Im actually in omaha right now and will be going by St. Joe on my way home. Looks like the hydronic emitters are special order. At least I have options for buying some at a decent price. Now to decide which way to go. UPS or overheat loop. Overheat loop seems to be a better option so long as its ok for the water to flow through the pump as I described above in an earlier post. Also, do I have to tee in right at the boiler output or can it be a foot or so away? Its not the highest point but only about 6 inches lower than the output of the boiler. Also concerned about heat loss through conduction.  Even without water flow seems like heat would conduct through the metal.
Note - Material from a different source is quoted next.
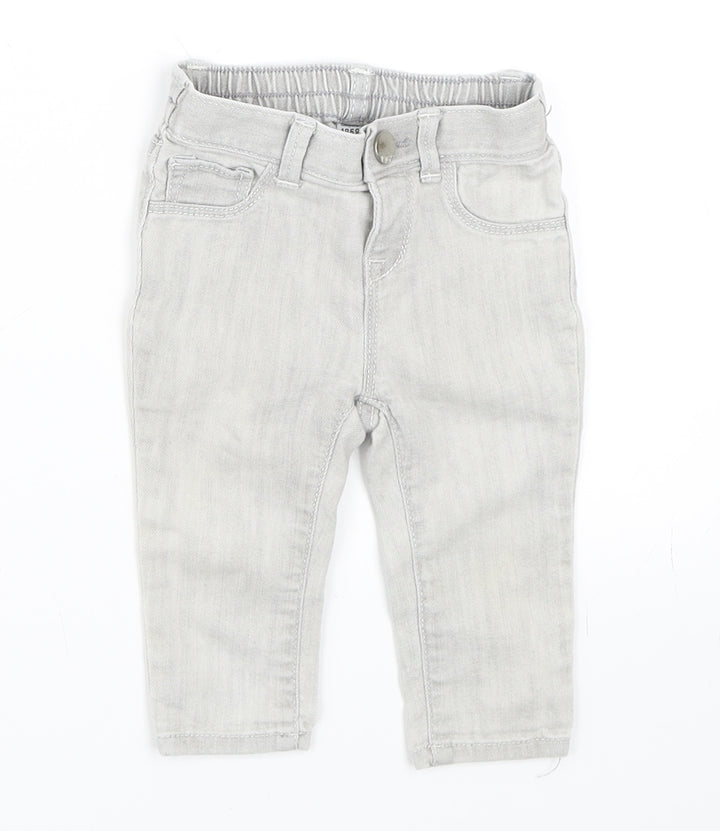 Gap Girls Grey Capri Jeans Size 6-9 Months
Maybe a effieciency concern since my boiler is in an outbuilding.


----------



## rkusek (Sep 21, 2012)

Look at page 13 in the manual.  http://smokelessheat.com/Media/FurnaceDocuments/EKOLine/ekoline.pdf
You can see they show the Automag valve that opens when the electricity goes out and water will thermosiphon through the copper finned tubing shedding heat.  They show the return plumbed back in after the Danfoss/Termovar but ahead of the boiler circ.  Personally, I would think it would be better after the circ right at the bottom port of the boiler.  I think you would want the Automag located at the same level as the output of the boiler like the picture shows.  MikefromMaine, do you have the swing or spring check on your return like this shows?  One would think the closed automag would stop any flow back through the return under normal operation.  I suppose you could get "ghost flows" where it flows both directions on that return line.  Looks like we need and Automag valve, swing check valve, some copper or black iron for the supply side and should be able to get by with pex for return side.
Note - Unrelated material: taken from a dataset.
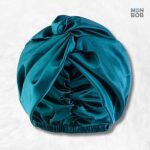 Bonnet de Nuit Satin Turquoise pour un sommeil paisible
That steam radiator maple1 found on the Lincoln craiglist would probably do the job too if you could get it mounted somehow securely near the ceiling.  Might be easier to just shell out the $200 for the new finned tube which can be screwed right to the wall.


----------



## maple1 (Sep 21, 2012)

I'm not sure why a check valve would be needed? Seems the automag valve tied to power would be all that would be required. Also I might be leery of the gravity flow overcoming the built in circ check valve.


----------



## mikefrommaine (Sep 21, 2012)

I have a spring check on the main piping, not on the overheat loop. I use a taco sentry NO zone valve which does not allow any ghost flow in my no power overheat loop as it is closed during normal operation.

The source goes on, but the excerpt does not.